ZL9HR – Antenna Choice and Location

The Beeman Point location for the dxpedition station is on a hillside on the northern side of Perseverance Sound. There are permit restrictions on where we can position antennas – they will have to be close to the old meteorological station and some distance away from the shore. Many island dxpeditions have been hugely successful using vertical antennas on the beach or in the water. However, Campbell Island is not a flat coral atoll, it’s a mountainous volcanic remnant with a rocky shoreline where our antennas are not permitted. Consequently, we will use the features of the landscape to enhance the performance of horizontal beam antennas on many bands: 2- or 3- element Spiderbeams  or 2-ele Moxons on 10, 12, 15, 17, 20 and 40 m. There is a ridge to the south of Beeman Hill where several antennas will be located; their effective height will be increased in most directions due to their ridge-line site. Others will be closer to the CW camp, on the hillside near the old meteorological station. They will have a good take-off along the direction of Perseverance Sound, which will favor LP-EU and NA. Vertical or inverted-L antennas will be used for 30, 40, 80 and 160. Both antenna groups will be accessible from both the SSB and CW operating positions, as necessary. In general, this is a similar approach to the ZL9CI team, who successfully operated from the same location in 1999.
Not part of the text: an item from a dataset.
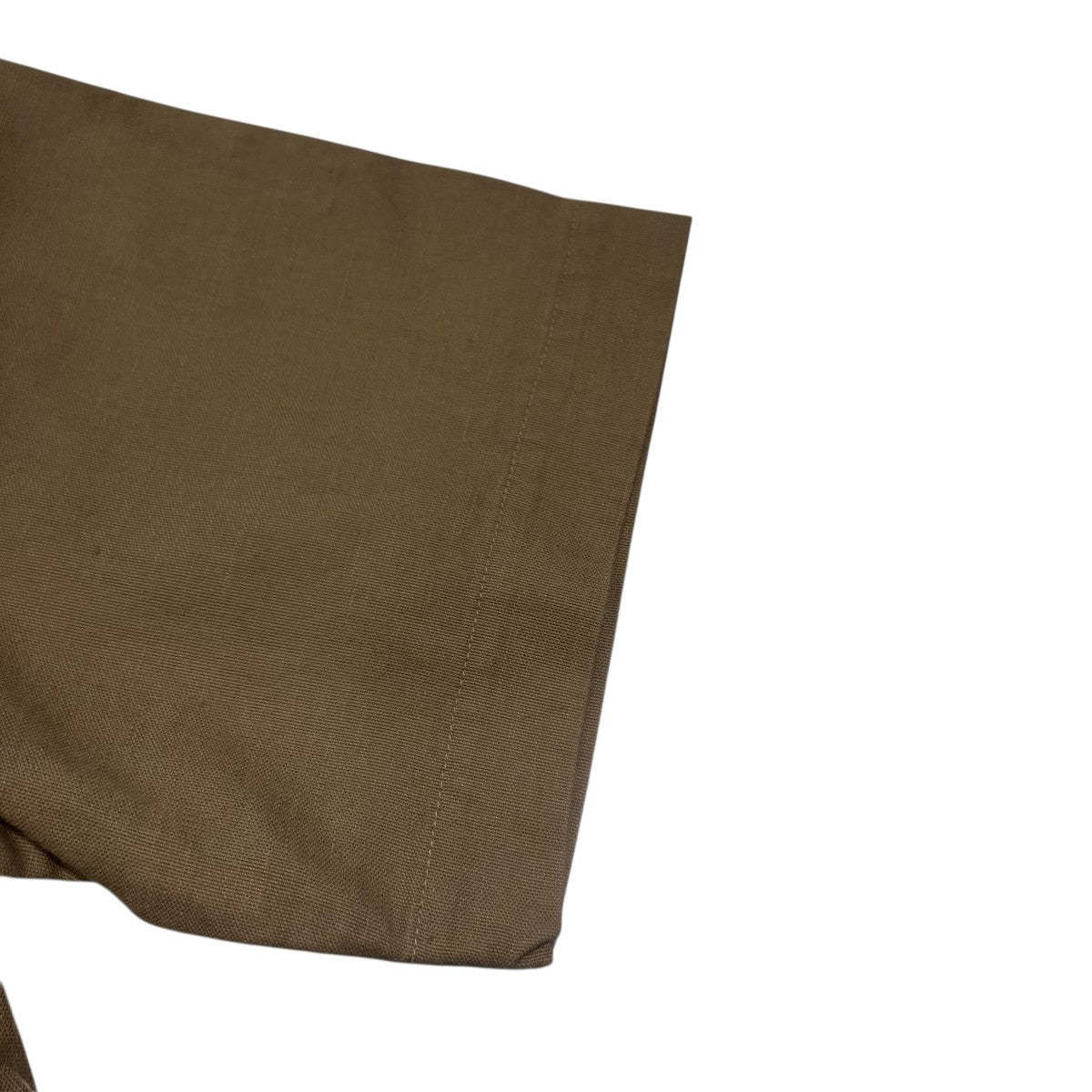 KETCHUM SHIRT S S半袖シャツ0120105011017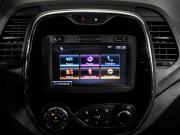 Renault Kaptur I Москва  - изображение 30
The map below shows the approximate location of the operating site, with the direction of various countries indicated.

The approximate positions of antennas and operating positions are shown on the aerial photo below. Red and Blue Area – Permitted locations for antennas
Green Dots – Radio equipment
Yellow Area – Exclusion area – Weather station equipment

The effect of the local terrain on the antenna performance can be estimated using the HFTA program. From either the central (ridge) antenna site (two red ovals in the image above) or the hillside site (blue line next to building), the terrain profile towards Italy or France looks like this:

The ridge location (red) has a decent shot towards EU via SP, but the hillside (green) is not good in this direction (the antenna is looking into the hillside). How do these terrain profiles affect antenna performance? Looking at the ridge location it seems like it should be good. Below are gain plots for a 20 m 2-ele horizontal yagi, mounted 30 feet above local ground for the ridge and hillside locations. For reference, the blue lines show performance over a flat surface, with antenna mounted at either 30 (dark blue) or 100 feet (light blue).

Clearly the antenna on the ridge gets a good performance boost compared to the same antenna over flat ground. The purple bars indicate arrival angles for signals on this path – the antennas don’t access the lowest angles, but that’s not really a problem since the surrounding hills will take care of them, anyway!

The terrain towards the US or EU via LP looks like this:

The antenna (colored lozenges) is mounted 30 feet above the local ground, which is about 50 or 75 feet above sea level. Again, the red line is the terrain profile from the ridge location and the green line for the hillside location, with blue being reference flat ground, with the antenna 30 feet up. The takeoff is excellent for both sites in this direction, with the ground sloping down towards Perseverance Sound. This time looking at a 2-ele 40 m beam, the antenna gain is shown below:

 At 30 feet high over flat ground (dark blue), the 40 m 2-ele horizontal beam is clearly a cloud warmer. However, put it on the ridge or hillside, and it becomes an effective performer (light blue, for comparison, is a 100-foot high 2-ele over flat ground). The purple bars on the plot illustrate the angles of arriving signals on a US-ZL path – the 2-ele Moxon should work fine for these paths. We will also have verticals for 40 m and the other low bands, and will work with our NZ DOC representative to ensure that they are as well-sited as possible.

The result from running the same HFTA analysis, but on a 20 m 2-ele Yagi, in the direction of the US and EU-LP gives the result below (color codes the same as for the 40 m plot). This is the perhaps the best take off of all from Beeman Point, with a good effective height of the antenna (mast plus local terrain) looking directly onto a path across the water in Perseverance Sound.